Retriever
The Retriever fetches offloaded logs back on demand. It reads the customer-owned S3 bucket where the Receiver sent the cohort it held back from the analyzer, indexes those events, and returns them when asked, to backfill a metric or replay an old incident.
Re-ingest is customer-driven from results_location. There is no vendor S3-to-analyzer shipping layer.

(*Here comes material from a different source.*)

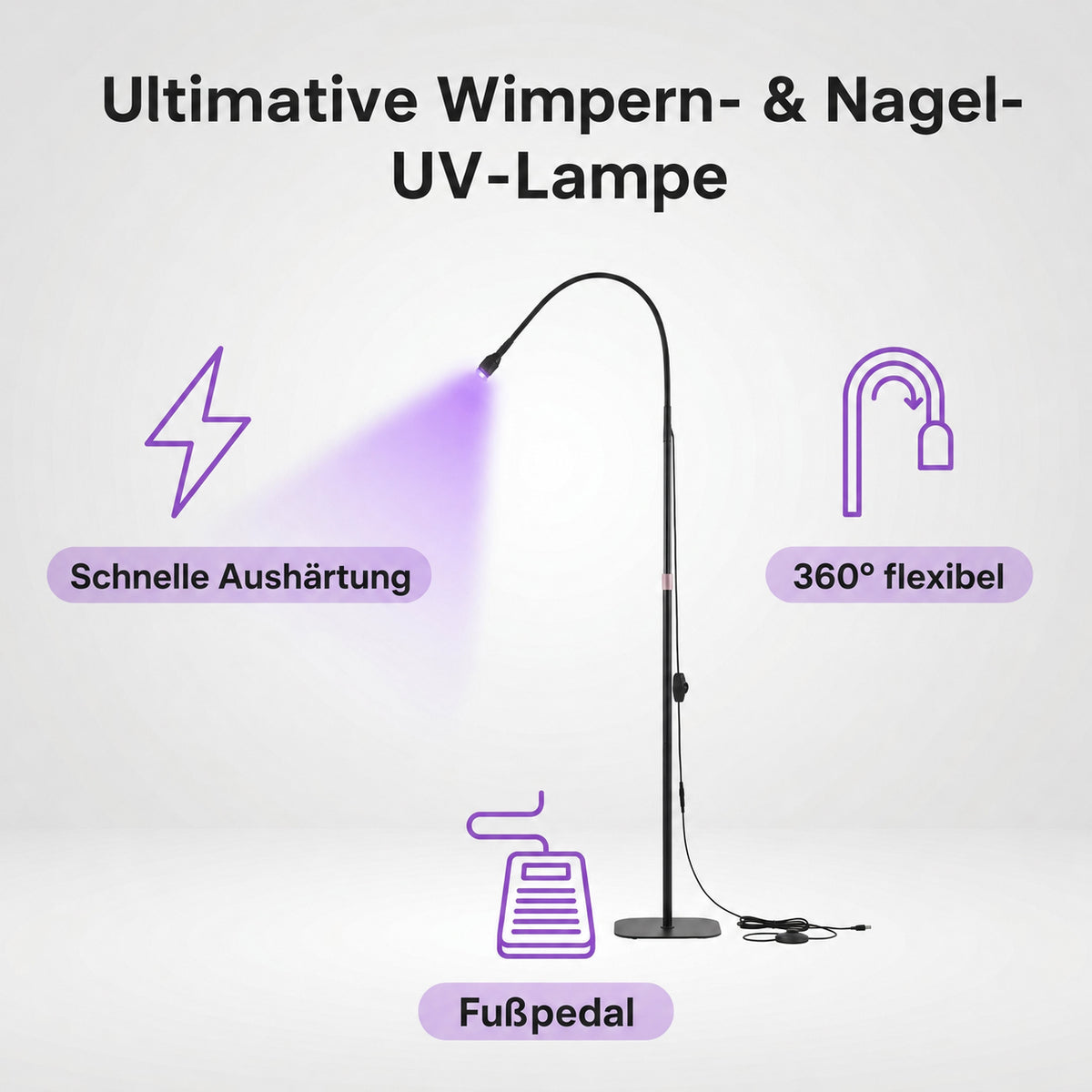 Profi-UV-Lampe 6 W mit Fußpedal & flexiblem Schwanenhals für Nagel-, Wimpern- und Brow-Studio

An AI agent runs it through the log10x MCP: install with advise_retriever, query with retriever_query and retriever_series. The deploy and query guides cover the same steps by hand.
Workflow
The app operates in two phases for efficient data handling: Index builds searchable filters when files upload to storage, and Query retrieves and streams matching events on-demand to log analyzers and dashboards.
Index
The Index phase executes when log files upload to storage (e.g., S3 bucket) to enable in-place querying.
graph LR
A["<div style='font-size: 14px;'>⚡ Trigger</div><div style='font-size: 10px; text-align: center;'>File Upload</div>"] --> B["<div style='font-size: 14px;'>📡 Receive</div><div style='font-size: 10px; text-align: center;'>Read Events</div>"]
B --> C["<div style='font-size: 14px;'>🔄 Transform</div><div style='font-size: 10px; text-align: center;'>Parse & Structure</div>"]
C --> D["<div style='font-size: 14px;'>🎁 Enrich</div><div style='font-size: 10px; text-align: center;'>Add Context</div>"]
D --> E["<div style='font-size: 14px;'>📝 Write</div><div style='font-size: 10px; text-align: center;'>Search Indexes</div>"]
classDef trigger fill:#7c3aed88,stroke:#6d28d9,color:#ffffff,stroke-width:2px,rx:8,ry:8
classDef receive fill:#9333ea88,stroke:#7c3aed,color:#ffffff,stroke-width:2px,rx:8,ry:8
classDef transform fill:#2563eb88,stroke:#1d4ed8,color:#ffffff,stroke-width:2px,rx:8,ry:8
classDef enrich fill:#059669,stroke:#047857,color:#ffffff,stroke-width:2px,rx:8,ry:8
classDef write fill:#ea580c88,stroke:#c2410c,color:#ffffff,stroke-width:2px,rx:8,ry:8
class A trigger
class B receive
class C transform
class D enrich
class E write
⚡ Trigger: File upload events to object storage send notifications directly to the Index SQS queue for asynchronous processing by index workers
📡 Receive: Read log events from the uploaded file in object storage (S3)
🔄 Transform: Structured log events into typed objects with typed fields (severity, timestamp, source, message)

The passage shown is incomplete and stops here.